WASHINGTON: The United States has opened a new front — this time against drug cartels. President Donald Trump has announced a military campaign targeting “narco-terrorists,” following a series of US military strikes on suspected smuggling boats in the Caribbean Sea. The move has sparked intense debate over its legality under both US and international law.

According to US defense officials, at least four strikes have been conducted in international waters near Venezuela, killing 21 people aboard high-speed “go-fast” boats. The operations form part of what Trump has called a “war on cartels”, in which he has designated several transnational drug networks — including Venezuela’s Tren de Aragua cartel — as “global terrorist organisations.”

Trump’s new ‘war on cartels’

Speaking at Naval Station Norfolk, Trump praised the Navy for “blowing the cartel terrorists the hell out of the water.” He claimed that the strikes had “completely stopped” drug shipments entering the US by sea and hinted at expanding operations inland.

“They’re not coming in by sea anymore, so now we’ll have to start looking about the land,” Trump said, later adding from the White House that the campaign had halted drug trafficking from South America. “There’s no drugs coming into the water.
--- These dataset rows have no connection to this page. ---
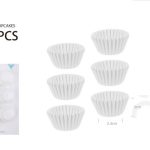Molde de papel para mini cupcakes blanco de 6 cm, 100 unidades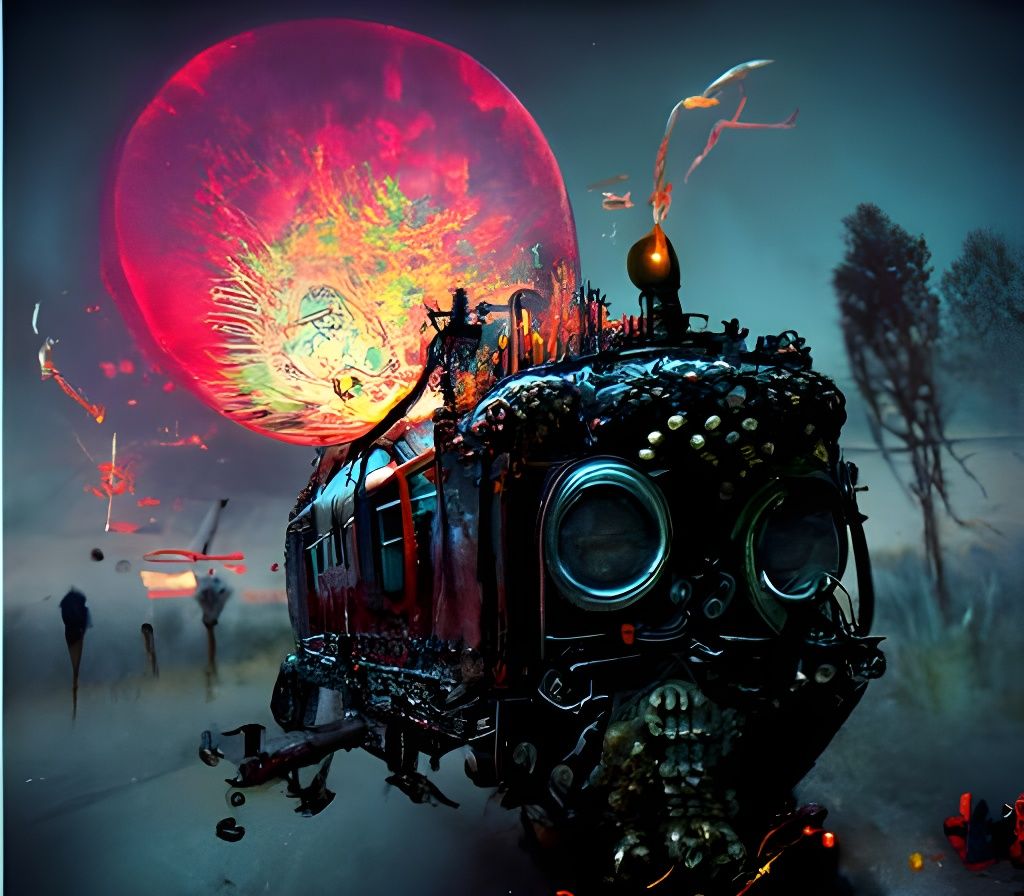 Solar-Punk War Train in Electron Tube-Punk Style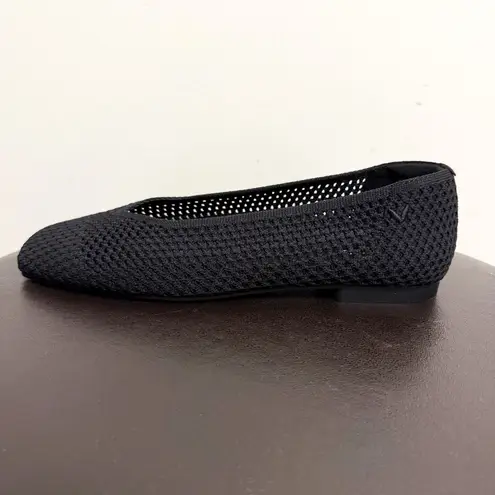 Vivaia Black Margot Open Knit Square Toe V Cut Opening Slip On Flats 40.5 9 9.5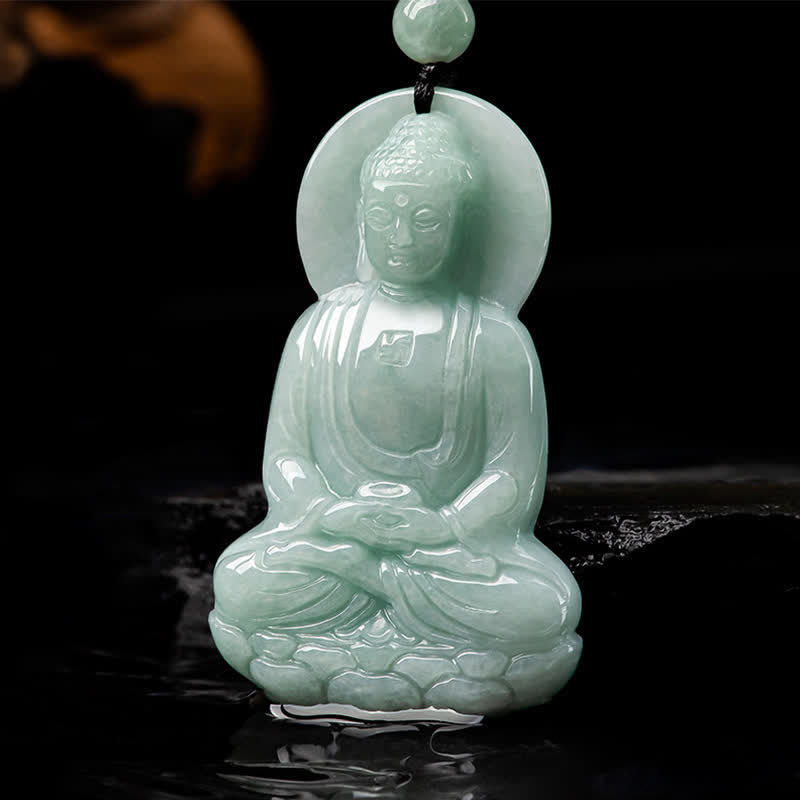 Fortune Jewel Amitabha Buddha Jade Amulet Compassion String Necklace Fortune Jewel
And we’ll look at what phase two is.”

Administration officials told Congress that Trump had classified drug cartels as unlawful combatants, declaring the US to be in a “non-international armed conflict” with them — a move intended to justify military force without formal congressional authorisation.

Venezuelan backlash

Venezuelan President Nicolás Maduro has condemned the US strikes as “heinous crimes” and warned that he may declare a state of emergency if the US expands military action.

Caracas has since conducted large-scale military drills, mobilised local militias, and deployed Russian-made fighter jets under a campaign it calls the “defence of the nation.”

The US has meanwhile bolstered its presence in the region, deploying eight warships, one submarine, and F-35 fighter jets to Puerto Rico, bringing thousands of sailors and marines to the Caribbean.

Washington has also doubled its bounty on Maduro to $50 million, accusing him of facilitating fentanyl-laced cocaine shipments to the US through cartel alliances. Maduro insists the campaign is part of a broader American plot to “overthrow his government,” a charge Trump has denied.

Legal experts question justification

Human rights and international law experts have sharply criticised the strikes, warning that they may amount to extrajudicial killings.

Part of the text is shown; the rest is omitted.